After this accommodation, the "Grand Auction" turned revealing.  Property after property drew bids from both "the room"  and 'the Web" starting at as low as 5% of the appraised values and rarely ending at much above 30% of the appraised value.  Formalizing the winning bids as Real Estate Contracts with live Earnest Money was little more than a joke. Someone sitting near me was the winning bidder on two very nice area Condos at $50,000 each.  After the "Grand Auction" had ended, the listing Real Estate Broker said emphatically  that neither of the sellers would accept offers of less than $150,000.  Another bargain hunter on my row wrote a check for $7000 for an Earnest Money deposit to buy a 3300 square foot new upscale house in Branson Creek which was listed for $545,000.  Somehow I don't think  his $130,000 "winning bid" will impress the builder/owner.  It should however terrify the builder/owner that the winning  bid was $20,000 higher than any of the other bargain hunters in the room and $10,000 higher than any offer from the Seven Billion possible internet investors.

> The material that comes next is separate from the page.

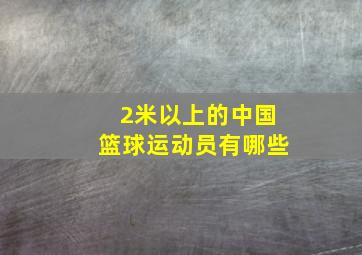 2米以上的中国篮球运动员有哪些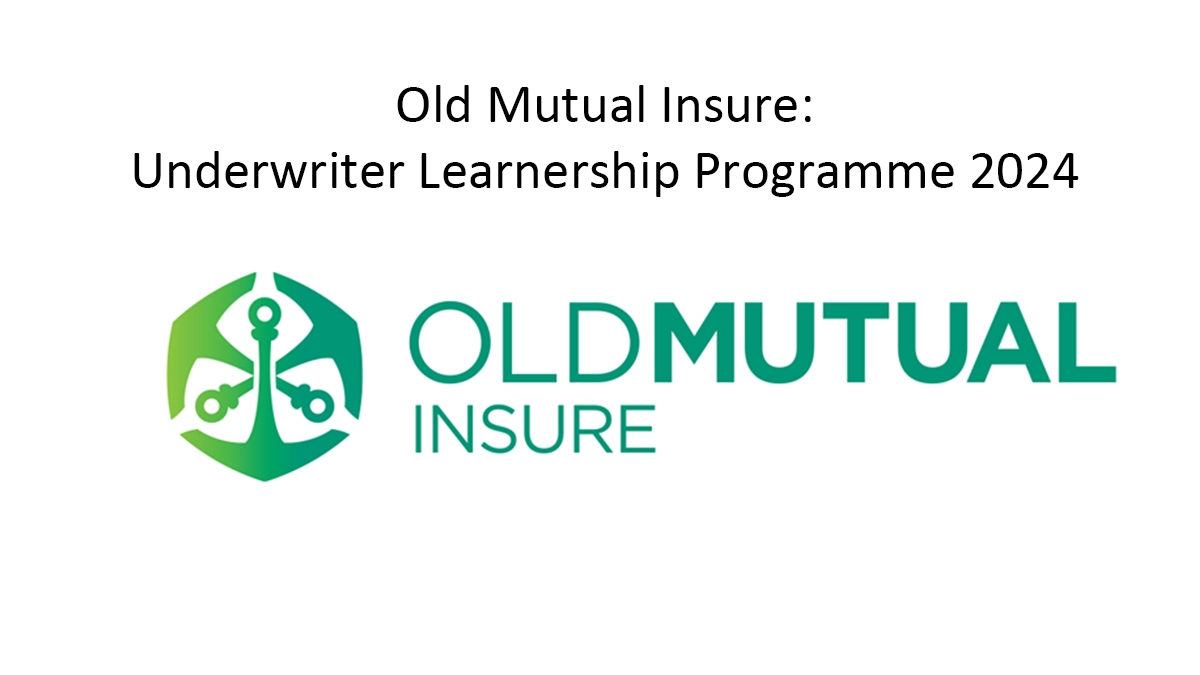 Old Mutual Insure: Underwriter Learnership Programme 2024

"It was a sad day in Mudville, for mighty Casey had struck out".................and so, I guess, have we! 


To "Proposition B" or not to "Proposition B"

Normally, there are so many "over the top" stories going down in Branson that I don't comment on state wide issues, BUT, we have all had to watch the TV commercial where this nice elderly lady solicits our vote for "Proposition B".  After being annoyed a couple of times, I listened attentively trying to understand what, In God's Name, was Proposition B.  The best I could manage was that perhaps "senior citizens" wouldn't be able to stay in their homes unless WE passed Proposition B.  There was no referral to a web site such as "Propostion",  just a "paid for by the committee" credit.  

Fortunately google knows everything and soon I was able to find the proposed legislation that, if passed, would fund the cost to set up a silly little commission to meet occasionally to try and "unionize nurses aides" under the theory that if they were unionized they would get paid better and would therefore  be more likely to keep working for the "Home Health Agency"  that the little lady on TV might call when she needs help.  Since the, "if passed", budget  for the commission is only about $500,000, someone must want a job awfully badly to be paying to run all those TV spots..  

With the world economy on the brink, the ice caps melting,  terrorism on every continent, and seven million unsold residential lots in Branson, it is absurd that time and money should be wasted on Proposition B.    I hope it will not come to be!